:: Task statement ::
In the records below, begin at the line containing "Meuble-lavabo flottant moderne 30 po, Noir" and end at the line containing "マリオブラザーズサーキットのゲーム画面"; quote every line in that span exactly, including both boundary lines, and no others.

:: Task input ::
+ + + + + + +

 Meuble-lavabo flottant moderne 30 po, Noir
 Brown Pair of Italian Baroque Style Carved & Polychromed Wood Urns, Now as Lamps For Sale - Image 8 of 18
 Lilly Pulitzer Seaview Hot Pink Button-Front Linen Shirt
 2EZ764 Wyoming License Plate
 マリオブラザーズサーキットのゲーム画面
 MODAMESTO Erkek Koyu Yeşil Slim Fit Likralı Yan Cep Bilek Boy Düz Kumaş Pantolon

+ + + + + + +

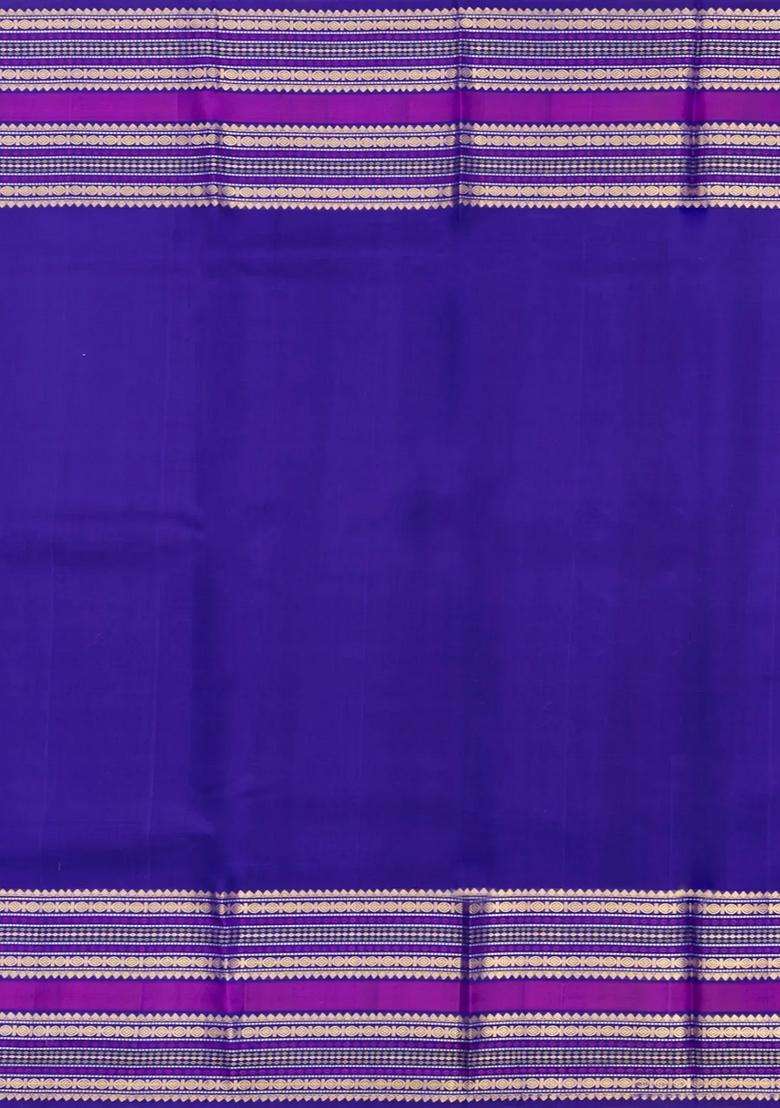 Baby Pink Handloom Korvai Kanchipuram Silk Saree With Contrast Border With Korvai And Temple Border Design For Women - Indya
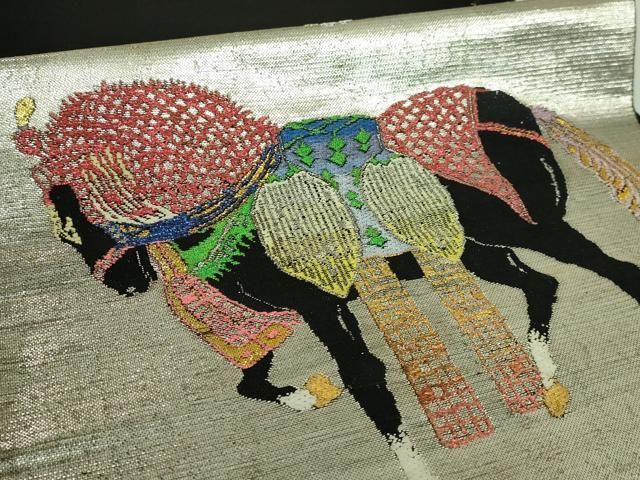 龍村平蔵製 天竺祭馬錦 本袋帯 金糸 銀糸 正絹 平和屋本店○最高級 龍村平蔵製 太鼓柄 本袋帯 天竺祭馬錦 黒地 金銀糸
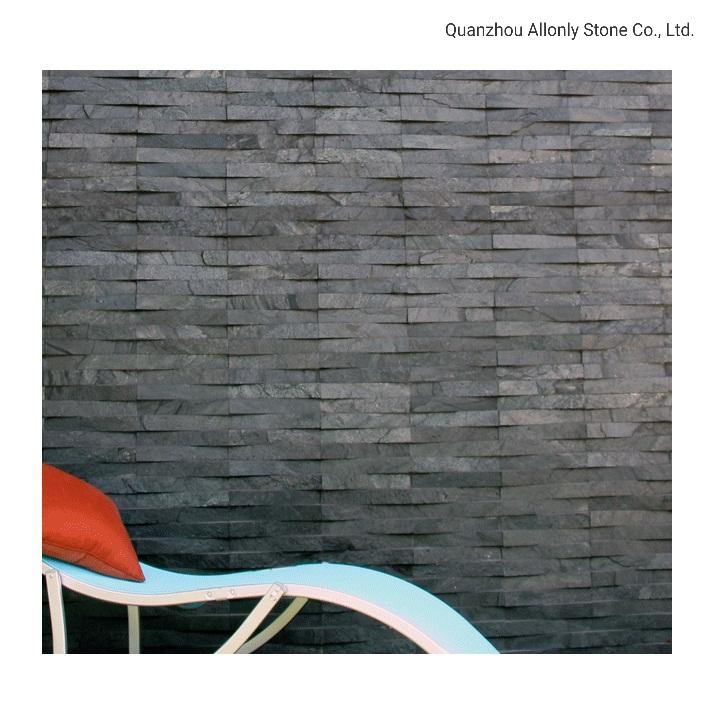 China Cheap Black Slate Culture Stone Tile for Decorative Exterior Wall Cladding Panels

+ + + + + + +

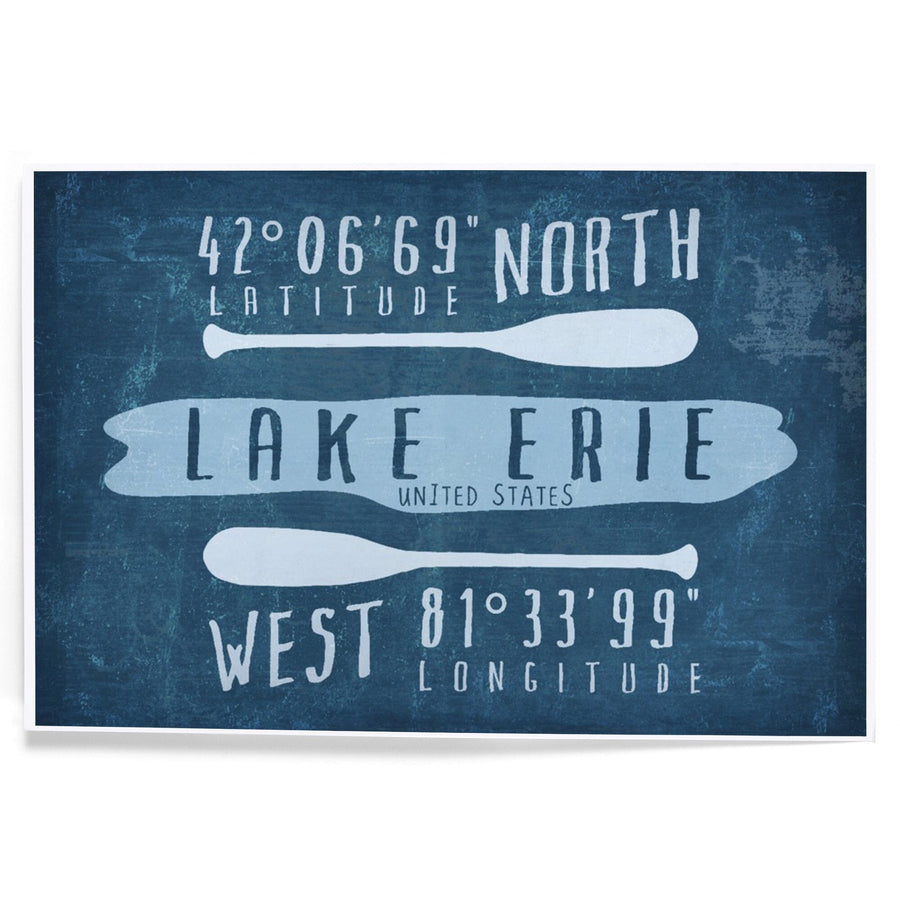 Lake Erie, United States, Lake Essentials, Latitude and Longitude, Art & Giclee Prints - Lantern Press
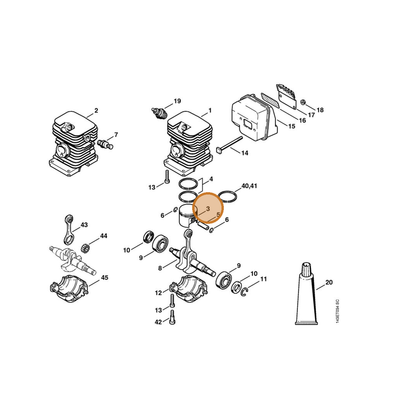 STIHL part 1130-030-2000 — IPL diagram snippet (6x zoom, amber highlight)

+ + + + + + +

:: Expected answer ::
 Meuble-lavabo flottant moderne 30 po, Noir
 Brown Pair of Italian Baroque Style Carved & Polychromed Wood Urns, Now as Lamps For Sale - Image 8 of 18
 Lilly Pulitzer Seaview Hot Pink Button-Front Linen Shirt
 2EZ764 Wyoming License Plate
 マリオブラザーズサーキットのゲーム画面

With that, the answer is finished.